● **WORK ORDER**
Give the data again exactly as written, skipping any pictures.

● **AVAILABLE RECORDS**
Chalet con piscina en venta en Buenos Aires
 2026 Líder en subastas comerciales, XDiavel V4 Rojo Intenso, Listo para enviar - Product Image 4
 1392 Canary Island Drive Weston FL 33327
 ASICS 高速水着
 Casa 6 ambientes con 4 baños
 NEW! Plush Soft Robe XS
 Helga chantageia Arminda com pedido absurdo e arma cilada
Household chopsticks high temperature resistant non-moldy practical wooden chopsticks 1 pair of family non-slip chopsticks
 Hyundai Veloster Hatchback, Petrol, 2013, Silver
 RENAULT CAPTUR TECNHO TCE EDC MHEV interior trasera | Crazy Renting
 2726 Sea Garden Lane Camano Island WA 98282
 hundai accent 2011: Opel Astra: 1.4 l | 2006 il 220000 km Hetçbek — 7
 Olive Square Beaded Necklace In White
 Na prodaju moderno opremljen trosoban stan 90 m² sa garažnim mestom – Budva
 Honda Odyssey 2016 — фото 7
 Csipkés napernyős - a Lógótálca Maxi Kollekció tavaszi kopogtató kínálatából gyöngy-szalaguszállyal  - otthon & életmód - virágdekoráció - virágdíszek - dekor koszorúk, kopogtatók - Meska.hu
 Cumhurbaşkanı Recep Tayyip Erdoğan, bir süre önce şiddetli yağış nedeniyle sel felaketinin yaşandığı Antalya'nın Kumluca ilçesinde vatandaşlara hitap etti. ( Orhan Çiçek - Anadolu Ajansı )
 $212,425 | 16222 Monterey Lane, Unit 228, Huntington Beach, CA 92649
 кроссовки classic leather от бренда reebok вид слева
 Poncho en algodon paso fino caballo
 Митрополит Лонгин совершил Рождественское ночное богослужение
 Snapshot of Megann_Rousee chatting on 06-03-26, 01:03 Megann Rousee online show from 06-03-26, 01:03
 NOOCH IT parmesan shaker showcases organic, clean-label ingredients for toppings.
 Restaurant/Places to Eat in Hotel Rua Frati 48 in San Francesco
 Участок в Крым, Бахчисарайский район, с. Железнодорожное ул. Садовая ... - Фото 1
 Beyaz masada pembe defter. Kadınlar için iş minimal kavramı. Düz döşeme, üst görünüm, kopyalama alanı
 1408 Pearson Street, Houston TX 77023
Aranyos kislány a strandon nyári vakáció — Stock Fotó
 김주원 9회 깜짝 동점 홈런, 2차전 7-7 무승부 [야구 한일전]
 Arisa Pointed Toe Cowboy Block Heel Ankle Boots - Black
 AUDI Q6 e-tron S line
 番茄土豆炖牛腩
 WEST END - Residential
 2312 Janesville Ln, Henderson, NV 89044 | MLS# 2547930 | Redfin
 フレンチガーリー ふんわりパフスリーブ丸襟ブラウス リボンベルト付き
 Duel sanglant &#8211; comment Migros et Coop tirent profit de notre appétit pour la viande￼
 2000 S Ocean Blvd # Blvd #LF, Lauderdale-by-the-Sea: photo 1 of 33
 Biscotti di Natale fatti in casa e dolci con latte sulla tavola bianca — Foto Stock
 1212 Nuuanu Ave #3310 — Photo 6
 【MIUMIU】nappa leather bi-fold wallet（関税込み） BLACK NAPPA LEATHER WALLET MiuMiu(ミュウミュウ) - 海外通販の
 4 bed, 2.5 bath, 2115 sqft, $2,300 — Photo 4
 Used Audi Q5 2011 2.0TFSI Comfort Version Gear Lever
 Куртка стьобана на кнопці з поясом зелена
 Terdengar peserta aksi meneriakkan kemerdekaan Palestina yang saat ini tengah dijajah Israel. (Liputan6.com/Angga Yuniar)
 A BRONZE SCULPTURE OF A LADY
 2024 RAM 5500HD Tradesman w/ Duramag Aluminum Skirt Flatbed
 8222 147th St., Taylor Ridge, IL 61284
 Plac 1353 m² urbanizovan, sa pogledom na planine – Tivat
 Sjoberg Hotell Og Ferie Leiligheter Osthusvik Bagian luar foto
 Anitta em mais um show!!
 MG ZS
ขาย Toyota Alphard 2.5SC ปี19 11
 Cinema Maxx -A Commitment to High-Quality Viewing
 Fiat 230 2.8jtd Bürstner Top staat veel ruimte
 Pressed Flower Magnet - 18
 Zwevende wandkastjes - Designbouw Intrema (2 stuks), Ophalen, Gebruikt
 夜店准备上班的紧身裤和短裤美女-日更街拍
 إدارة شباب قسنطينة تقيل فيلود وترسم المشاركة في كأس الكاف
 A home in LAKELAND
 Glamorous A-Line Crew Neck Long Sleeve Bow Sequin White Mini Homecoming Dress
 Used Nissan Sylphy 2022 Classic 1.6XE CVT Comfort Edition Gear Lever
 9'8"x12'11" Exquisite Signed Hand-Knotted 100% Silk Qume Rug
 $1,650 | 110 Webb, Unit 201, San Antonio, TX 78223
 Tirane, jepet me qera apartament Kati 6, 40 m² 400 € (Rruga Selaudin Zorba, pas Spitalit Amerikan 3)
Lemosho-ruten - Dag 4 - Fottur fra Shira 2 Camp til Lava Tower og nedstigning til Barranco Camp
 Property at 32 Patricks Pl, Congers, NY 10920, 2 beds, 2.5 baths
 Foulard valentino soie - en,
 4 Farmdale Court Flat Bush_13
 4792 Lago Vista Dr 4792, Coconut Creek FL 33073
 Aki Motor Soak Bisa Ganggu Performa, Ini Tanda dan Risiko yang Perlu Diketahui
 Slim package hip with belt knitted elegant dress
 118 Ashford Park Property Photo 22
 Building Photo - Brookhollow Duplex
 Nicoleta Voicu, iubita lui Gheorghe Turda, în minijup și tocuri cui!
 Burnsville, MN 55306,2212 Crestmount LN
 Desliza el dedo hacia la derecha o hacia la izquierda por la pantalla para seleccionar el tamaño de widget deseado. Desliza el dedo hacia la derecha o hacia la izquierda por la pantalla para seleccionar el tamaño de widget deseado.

● **ANSWER TO THE PROBLEM**
Chalet con piscina en venta en Buenos Aires
 2026 Líder en subastas comerciales, XDiavel V4 Rojo Intenso, Listo para enviar - Product Image 4
 1392 Canary Island Drive Weston FL 33327
 ASICS 高速水着
 Casa 6 ambientes con 4 baños
 NEW! Plush Soft Robe XS
 Helga chantageia Arminda com pedido absurdo e arma cilada
Household chopsticks high temperature resistant non-moldy practical wooden chopsticks 1 pair of family non-slip chopsticks
 Hyundai Veloster Hatchback, Petrol, 2013, Silver
 RENAULT CAPTUR TECNHO TCE EDC MHEV interior trasera | Crazy Renting
 2726 Sea Garden Lane Camano Island WA 98282
 hundai accent 2011: Opel Astra: 1.4 l | 2006 il 220000 km Hetçbek — 7
 Olive Square Beaded Necklace In White
 Na prodaju moderno opremljen trosoban stan 90 m² sa garažnim mestom – Budva
 Honda Odyssey 2016 — фото 7
 Csipkés napernyős - a Lógótálca Maxi Kollekció tavaszi kopogtató kínálatából gyöngy-szalaguszállyal  - otthon & életmód - virágdekoráció - virágdíszek - dekor koszorúk, kopogtatók - Meska.hu
 Cumhurbaşkanı Recep Tayyip Erdoğan, bir süre önce şiddetli yağış nedeniyle sel felaketinin yaşandığı Antalya'nın Kumluca ilçesinde vatandaşlara hitap etti. ( Orhan Çiçek - Anadolu Ajansı )
 $212,425 | 16222 Monterey Lane, Unit 228, Huntington Beach, CA 92649
 кроссовки classic leather от бренда reebok вид слева
 Poncho en algodon paso fino caballo
 Митрополит Лонгин совершил Рождественское ночное богослужение
 Snapshot of Megann_Rousee chatting on 06-03-26, 01:03 Megann Rousee online show from 06-03-26, 01:03
 NOOCH IT parmesan shaker showcases organic, clean-label ingredients for toppings.
 Restaurant/Places to Eat in Hotel Rua Frati 48 in San Francesco
 Участок в Крым, Бахчисарайский район, с. Железнодорожное ул. Садовая ... - Фото 1
 Beyaz masada pembe defter. Kadınlar için iş minimal kavramı. Düz döşeme, üst görünüm, kopyalama alanı
 1408 Pearson Street, Houston TX 77023
Aranyos kislány a strandon nyári vakáció — Stock Fotó
 김주원 9회 깜짝 동점 홈런, 2차전 7-7 무승부 [야구 한일전]
 Arisa Pointed Toe Cowboy Block Heel Ankle Boots - Black
 AUDI Q6 e-tron S line
 番茄土豆炖牛腩
 WEST END - Residential
 2312 Janesville Ln, Henderson, NV 89044 | MLS# 2547930 | Redfin
 フレンチガーリー ふんわりパフスリーブ丸襟ブラウス リボンベルト付き
 Duel sanglant &#8211; comment Migros et Coop tirent profit de notre appétit pour la viande
 2000 S Ocean Blvd # Blvd #LF, Lauderdale-by-the-Sea: photo 1 of 33
 Biscotti di Natale fatti in casa e dolci con latte sulla tavola bianca — Foto Stock
 1212 Nuuanu Ave #3310 — Photo 6
 【MIUMIU】nappa leather bi-fold wallet（関税込み） BLACK NAPPA LEATHER WALLET MiuMiu(ミュウミュウ) - 海外通販の
 4 bed, 2.5 bath, 2115 sqft, $2,300 — Photo 4
 Used Audi Q5 2011 2.0TFSI Comfort Version Gear Lever
 Куртка стьобана на кнопці з поясом зелена
 Terdengar peserta aksi meneriakkan kemerdekaan Palestina yang saat ini tengah dijajah Israel. (Liputan6.com/Angga Yuniar)
 A BRONZE SCULPTURE OF A LADY
 2024 RAM 5500HD Tradesman w/ Duramag Aluminum Skirt Flatbed
 8222 147th St., Taylor Ridge, IL 61284
 Plac 1353 m² urbanizovan, sa pogledom na planine – Tivat
 Sjoberg Hotell Og Ferie Leiligheter Osthusvik Bagian luar foto
 Anitta em mais um show!!
 MG ZS
ขาย Toyota Alphard 2.5SC ปี19 11
 Cinema Maxx -A Commitment to High-Quality Viewing
 Fiat 230 2.8jtd Bürstner Top staat veel ruimte
 Pressed Flower Magnet - 18
 Zwevende wandkastjes - Designbouw Intrema (2 stuks), Ophalen, Gebruikt
 夜店准备上班的紧身裤和短裤美女-日更街拍
 إدارة شباب قسنطينة تقيل فيلود وترسم المشاركة في كأس الكاف
 A home in LAKELAND
 Glamorous A-Line Crew Neck Long Sleeve Bow Sequin White Mini Homecoming Dress
 Used Nissan Sylphy 2022 Classic 1.6XE CVT Comfort Edition Gear Lever
 9'8"x12'11" Exquisite Signed Hand-Knotted 100% Silk Qume Rug
 $1,650 | 110 Webb, Unit 201, San Antonio, TX 78223
 Tirane, jepet me qera apartament Kati 6, 40 m² 400 € (Rruga Selaudin Zorba, pas Spitalit Amerikan 3)
Lemosho-ruten - Dag 4 - Fottur fra Shira 2 Camp til Lava Tower og nedstigning til Barranco Camp
 Property at 32 Patricks Pl, Congers, NY 10920, 2 beds, 2.5 baths
 Foulard valentino soie - en,
 4 Farmdale Court Flat Bush_13
 4792 Lago Vista Dr 4792, Coconut Creek FL 33073
 Aki Motor Soak Bisa Ganggu Performa, Ini Tanda dan Risiko yang Perlu Diketahui
 Slim package hip with belt knitted elegant dress
 118 Ashford Park Property Photo 22
 Building Photo - Brookhollow Duplex
 Nicoleta Voicu, iubita lui Gheorghe Turda, în minijup și tocuri cui!
 Burnsville, MN 55306,2212 Crestmount LN
 Desliza el dedo hacia la derecha o hacia la izquierda por la pantalla para seleccionar el tamaño de widget deseado. Desliza el dedo hacia la derecha o hacia la izquierda por la pantalla para seleccionar el tamaño de widget deseado.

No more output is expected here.